Amy Clark Knapp, adjunct instructor of Art History and Western Civilization at Clark State Community College, has been awarded a Community College Humanities Association Affiliated Fellowship in Rome. The organization awards one fellowship annually. “I applied for the fellowship in January,” said Knapp. “I was notified February 17, the same day that I received an Excellence in Teaching Award (from Clark State); wow, that was quite a day!”
Knapp has been teaching at Clark State for eight years. Under the fellowship award she will travel to Rome, Italy, on May 18. This is Knapp’s first fellowship, but she spent a month in Italy in 2012 researching the Etruscans and early Roman civilization. She said her objective on this trip is to submerge herself in study and utilize opportunities and resources to advance or finish her research.
“The bulk of my post-graduate research has been in artistic visual communication; identifying simplistic and complex artistic symbolism, determining and interpreting comprehensive meanings and sometimes revealing subtle or clandestine messages,” said Knapp. “My objective is to identify the symbolic iconography used on Etruscan sarcophagi and its message, and validate its audience.” She explained that part of understanding the iconography is understanding its origins.

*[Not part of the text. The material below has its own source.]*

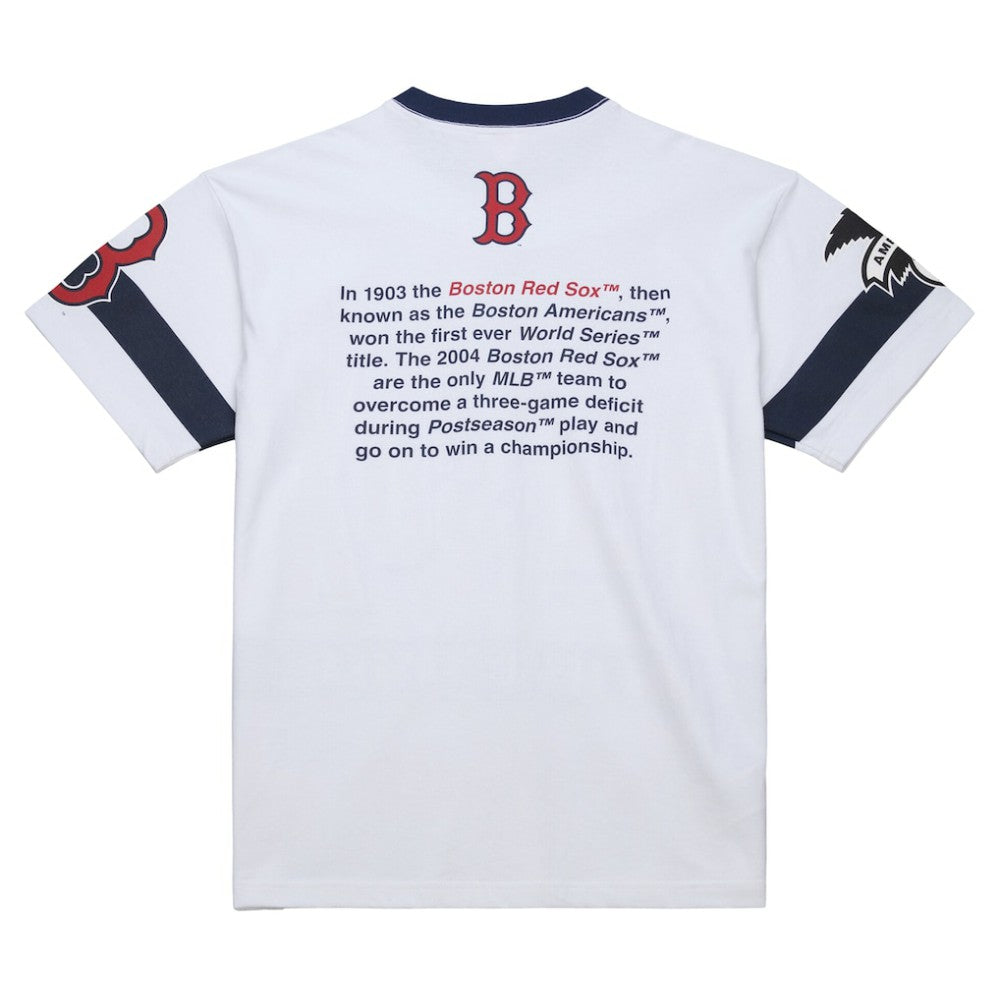 Boston Red Sox Mitchell & Ness Cooperstown Collection Team Origins Premium T-Shirt - White - Mitchell & Ness Sale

The Etruscans were the first civilization on the Italian peninsula. Knapp explained that many things people think of as "Roman" were actually inspired by the Etruscans. “Until the last few centuries, art had a greater purpose; art wasn't just simple decoration,” said Knapp. “Art told stories; inspired faith, respect and fear; and reflected the socio-political atmosphere of its society. Symbolic iconography is the use of specific icons to convey a message to an audience; often times, as with the Etruscans, it was a very specific audience.”
The fellowship will assist Knapp with airfare and provide housing and two meals per day at the esteemed American Academy in Rome where ‘fellows’ have the opportunity to utilize the library, museum and its associates for their research. She will stay at the Academy for four weeks and also have access to various antiquities collections and libraries in Rome, including the Capitoline Museum and the Vatican, along with collections in Florence and Orvieto.
Knapp will collaborate with other academics studying via fellowship from other organizations. “I always find it amazing how colleagues who study a seemingly different subject, can shine a new light or bring a fresh perspective to your research,” she said. “I really anticipate the opportunity to brainstorm with these brilliant folks.”
Knapp hopes to bring back to her students a more educated, enlightened and inspired instructor. “A lot of times, in academia, people spend a great deal of time researching tiny details,” she said. “These ‘tiny details’ vibrantly illustrate human history and help us to understand and connect with cultures of the past. They were people like you and me, with passions, beliefs, hopes and fears. Perhaps by understanding our past, we can step into the future a little more enlightened.”